Work required
The full set of entries below is to be returned unchanged.

Records for this exercise
· · · · ·
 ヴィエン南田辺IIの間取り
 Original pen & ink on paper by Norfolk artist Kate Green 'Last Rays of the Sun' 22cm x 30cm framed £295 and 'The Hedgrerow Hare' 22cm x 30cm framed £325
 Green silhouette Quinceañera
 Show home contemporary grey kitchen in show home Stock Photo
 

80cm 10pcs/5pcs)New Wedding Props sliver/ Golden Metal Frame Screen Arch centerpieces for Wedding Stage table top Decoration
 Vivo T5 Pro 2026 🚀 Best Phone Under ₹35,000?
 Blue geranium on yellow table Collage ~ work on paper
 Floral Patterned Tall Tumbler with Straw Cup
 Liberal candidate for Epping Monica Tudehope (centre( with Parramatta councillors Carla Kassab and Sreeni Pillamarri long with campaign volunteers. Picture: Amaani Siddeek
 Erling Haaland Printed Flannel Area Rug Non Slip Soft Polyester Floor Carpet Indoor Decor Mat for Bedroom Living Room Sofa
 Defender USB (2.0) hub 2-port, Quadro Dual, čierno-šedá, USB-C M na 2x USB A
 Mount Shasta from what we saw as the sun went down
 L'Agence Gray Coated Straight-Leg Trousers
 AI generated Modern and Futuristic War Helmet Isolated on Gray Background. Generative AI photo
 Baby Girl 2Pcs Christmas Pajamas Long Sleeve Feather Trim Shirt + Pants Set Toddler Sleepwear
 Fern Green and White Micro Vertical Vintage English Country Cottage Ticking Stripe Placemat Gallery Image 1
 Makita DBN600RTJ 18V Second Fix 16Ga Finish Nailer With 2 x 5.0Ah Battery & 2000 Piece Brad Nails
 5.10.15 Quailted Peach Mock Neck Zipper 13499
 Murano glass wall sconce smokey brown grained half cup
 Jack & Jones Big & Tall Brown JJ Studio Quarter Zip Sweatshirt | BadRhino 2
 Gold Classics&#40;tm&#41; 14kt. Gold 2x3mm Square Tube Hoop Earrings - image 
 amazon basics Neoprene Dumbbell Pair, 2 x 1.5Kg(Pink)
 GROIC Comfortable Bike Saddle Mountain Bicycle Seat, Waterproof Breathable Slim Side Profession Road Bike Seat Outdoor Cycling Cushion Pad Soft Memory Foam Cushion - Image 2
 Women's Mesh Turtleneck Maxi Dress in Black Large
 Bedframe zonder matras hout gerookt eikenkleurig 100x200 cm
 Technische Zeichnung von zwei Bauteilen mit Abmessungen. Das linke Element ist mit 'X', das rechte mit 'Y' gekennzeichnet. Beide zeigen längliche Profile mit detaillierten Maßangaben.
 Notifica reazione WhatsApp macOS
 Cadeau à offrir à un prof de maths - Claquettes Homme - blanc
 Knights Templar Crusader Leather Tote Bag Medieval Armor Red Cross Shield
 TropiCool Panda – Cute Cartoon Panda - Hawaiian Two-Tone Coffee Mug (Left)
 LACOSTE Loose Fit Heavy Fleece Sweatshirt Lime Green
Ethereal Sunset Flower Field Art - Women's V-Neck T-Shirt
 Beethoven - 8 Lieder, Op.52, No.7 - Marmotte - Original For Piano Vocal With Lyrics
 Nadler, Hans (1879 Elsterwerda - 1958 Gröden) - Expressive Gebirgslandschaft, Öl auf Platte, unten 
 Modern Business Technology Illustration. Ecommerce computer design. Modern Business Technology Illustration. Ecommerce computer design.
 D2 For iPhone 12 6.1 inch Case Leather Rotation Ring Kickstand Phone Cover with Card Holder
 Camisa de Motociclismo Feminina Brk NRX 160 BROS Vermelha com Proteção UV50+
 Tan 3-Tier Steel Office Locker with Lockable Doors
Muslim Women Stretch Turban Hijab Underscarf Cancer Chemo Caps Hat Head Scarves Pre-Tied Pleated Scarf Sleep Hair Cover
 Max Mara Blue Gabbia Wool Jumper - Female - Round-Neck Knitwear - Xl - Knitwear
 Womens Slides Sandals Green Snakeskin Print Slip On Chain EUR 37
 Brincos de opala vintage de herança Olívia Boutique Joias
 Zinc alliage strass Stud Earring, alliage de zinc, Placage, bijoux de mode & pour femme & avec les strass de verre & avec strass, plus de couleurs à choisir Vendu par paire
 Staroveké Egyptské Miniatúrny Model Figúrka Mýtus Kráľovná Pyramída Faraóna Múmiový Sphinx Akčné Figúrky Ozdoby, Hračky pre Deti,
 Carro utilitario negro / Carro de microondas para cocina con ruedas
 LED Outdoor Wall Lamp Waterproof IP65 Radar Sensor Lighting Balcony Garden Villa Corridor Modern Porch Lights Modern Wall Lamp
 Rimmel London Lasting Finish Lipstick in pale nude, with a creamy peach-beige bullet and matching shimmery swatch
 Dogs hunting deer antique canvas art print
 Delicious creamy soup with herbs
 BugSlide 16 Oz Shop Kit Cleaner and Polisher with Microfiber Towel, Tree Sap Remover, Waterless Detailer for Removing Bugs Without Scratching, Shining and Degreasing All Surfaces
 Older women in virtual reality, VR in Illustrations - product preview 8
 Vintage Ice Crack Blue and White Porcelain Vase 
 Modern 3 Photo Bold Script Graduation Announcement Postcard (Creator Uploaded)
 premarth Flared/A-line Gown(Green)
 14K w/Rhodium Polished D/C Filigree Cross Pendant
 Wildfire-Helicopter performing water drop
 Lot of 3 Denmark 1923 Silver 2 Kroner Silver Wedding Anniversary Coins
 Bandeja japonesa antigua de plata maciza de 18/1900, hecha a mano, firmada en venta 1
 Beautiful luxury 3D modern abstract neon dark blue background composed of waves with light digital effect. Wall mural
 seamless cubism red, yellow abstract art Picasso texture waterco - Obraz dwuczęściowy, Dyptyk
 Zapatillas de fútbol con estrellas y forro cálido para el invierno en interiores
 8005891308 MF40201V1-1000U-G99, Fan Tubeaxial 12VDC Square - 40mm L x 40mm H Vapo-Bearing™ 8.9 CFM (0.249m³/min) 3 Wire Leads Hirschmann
· · · · ·
Your response
 ヴィエン南田辺IIの間取り
 Original pen & ink on paper by Norfolk artist Kate Green 'Last Rays of the Sun' 22cm x 30cm framed £295 and 'The Hedgrerow Hare' 22cm x 30cm framed £325
 Green silhouette Quinceañera
 Show home contemporary grey kitchen in show home Stock Photo
 

80cm 10pcs/5pcs)New Wedding Props sliver/ Golden Metal Frame Screen Arch centerpieces for Wedding Stage table top Decoration
 Vivo T5 Pro 2026 🚀 Best Phone Under ₹35,000?
 Blue geranium on yellow table Collage ~ work on paper
 Floral Patterned Tall Tumbler with Straw Cup
 Liberal candidate for Epping Monica Tudehope (centre( with Parramatta councillors Carla Kassab and Sreeni Pillamarri long with campaign volunteers. Picture: Amaani Siddeek
 Erling Haaland Printed Flannel Area Rug Non Slip Soft Polyester Floor Carpet Indoor Decor Mat for Bedroom Living Room Sofa
 Defender USB (2.0) hub 2-port, Quadro Dual, čierno-šedá, USB-C M na 2x USB A
 Mount Shasta from what we saw as the sun went down
 L'Agence Gray Coated Straight-Leg Trousers
 AI generated Modern and Futuristic War Helmet Isolated on Gray Background. Generative AI photo
 Baby Girl 2Pcs Christmas Pajamas Long Sleeve Feather Trim Shirt + Pants Set Toddler Sleepwear
 Fern Green and White Micro Vertical Vintage English Country Cottage Ticking Stripe Placemat Gallery Image 1
 Makita DBN600RTJ 18V Second Fix 16Ga Finish Nailer With 2 x 5.0Ah Battery & 2000 Piece Brad Nails
 5.10.15 Quailted Peach Mock Neck Zipper 13499
 Murano glass wall sconce smokey brown grained half cup
 Jack & Jones Big & Tall Brown JJ Studio Quarter Zip Sweatshirt | BadRhino 2
 Gold Classics&#40;tm&#41; 14kt. Gold 2x3mm Square Tube Hoop Earrings - image 
 amazon basics Neoprene Dumbbell Pair, 2 x 1.5Kg(Pink)
 GROIC Comfortable Bike Saddle Mountain Bicycle Seat, Waterproof Breathable Slim Side Profession Road Bike Seat Outdoor Cycling Cushion Pad Soft Memory Foam Cushion - Image 2
 Women's Mesh Turtleneck Maxi Dress in Black Large
 Bedframe zonder matras hout gerookt eikenkleurig 100x200 cm
 Technische Zeichnung von zwei Bauteilen mit Abmessungen. Das linke Element ist mit 'X', das rechte mit 'Y' gekennzeichnet. Beide zeigen längliche Profile mit detaillierten Maßangaben.
 Notifica reazione WhatsApp macOS
 Cadeau à offrir à un prof de maths - Claquettes Homme - blanc
 Knights Templar Crusader Leather Tote Bag Medieval Armor Red Cross Shield
 TropiCool Panda – Cute Cartoon Panda - Hawaiian Two-Tone Coffee Mug (Left)
 LACOSTE Loose Fit Heavy Fleece Sweatshirt Lime Green
Ethereal Sunset Flower Field Art - Women's V-Neck T-Shirt
 Beethoven - 8 Lieder, Op.52, No.7 - Marmotte - Original For Piano Vocal With Lyrics
 Nadler, Hans (1879 Elsterwerda - 1958 Gröden) - Expressive Gebirgslandschaft, Öl auf Platte, unten 
 Modern Business Technology Illustration. Ecommerce computer design. Modern Business Technology Illustration. Ecommerce computer design.
 D2 For iPhone 12 6.1 inch Case Leather Rotation Ring Kickstand Phone Cover with Card Holder
 Camisa de Motociclismo Feminina Brk NRX 160 BROS Vermelha com Proteção UV50+
 Tan 3-Tier Steel Office Locker with Lockable Doors
Muslim Women Stretch Turban Hijab Underscarf Cancer Chemo Caps Hat Head Scarves Pre-Tied Pleated Scarf Sleep Hair Cover
 Max Mara Blue Gabbia Wool Jumper - Female - Round-Neck Knitwear - Xl - Knitwear
 Womens Slides Sandals Green Snakeskin Print Slip On Chain EUR 37
 Brincos de opala vintage de herança Olívia Boutique Joias
 Zinc alliage strass Stud Earring, alliage de zinc, Placage, bijoux de mode & pour femme & avec les strass de verre & avec strass, plus de couleurs à choisir Vendu par paire
 Staroveké Egyptské Miniatúrny Model Figúrka Mýtus Kráľovná Pyramída Faraóna Múmiový Sphinx Akčné Figúrky Ozdoby, Hračky pre Deti,
 Carro utilitario negro / Carro de microondas para cocina con ruedas
 LED Outdoor Wall Lamp Waterproof IP65 Radar Sensor Lighting Balcony Garden Villa Corridor Modern Porch Lights Modern Wall Lamp
 Rimmel London Lasting Finish Lipstick in pale nude, with a creamy peach-beige bullet and matching shimmery swatch
 Dogs hunting deer antique canvas art print
 Delicious creamy soup with herbs
 BugSlide 16 Oz Shop Kit Cleaner and Polisher with Microfiber Towel, Tree Sap Remover, Waterless Detailer for Removing Bugs Without Scratching, Shining and Degreasing All Surfaces
 Older women in virtual reality, VR in Illustrations - product preview 8
 Vintage Ice Crack Blue and White Porcelain Vase 
 Modern 3 Photo Bold Script Graduation Announcement Postcard (Creator Uploaded)
 premarth Flared/A-line Gown(Green)
 14K w/Rhodium Polished D/C Filigree Cross Pendant
 Wildfire-Helicopter performing water drop
 Lot of 3 Denmark 1923 Silver 2 Kroner Silver Wedding Anniversary Coins
 Bandeja japonesa antigua de plata maciza de 18/1900, hecha a mano, firmada en venta 1
 Beautiful luxury 3D modern abstract neon dark blue background composed of waves with light digital effect. Wall mural
 seamless cubism red, yellow abstract art Picasso texture waterco - Obraz dwuczęściowy, Dyptyk
 Zapatillas de fútbol con estrellas y forro cálido para el invierno en interiores
 8005891308 MF40201V1-1000U-G99, Fan Tubeaxial 12VDC Square - 40mm L x 40mm H Vapo-Bearing™ 8.9 CFM (0.249m³/min) 3 Wire Leads Hirschmann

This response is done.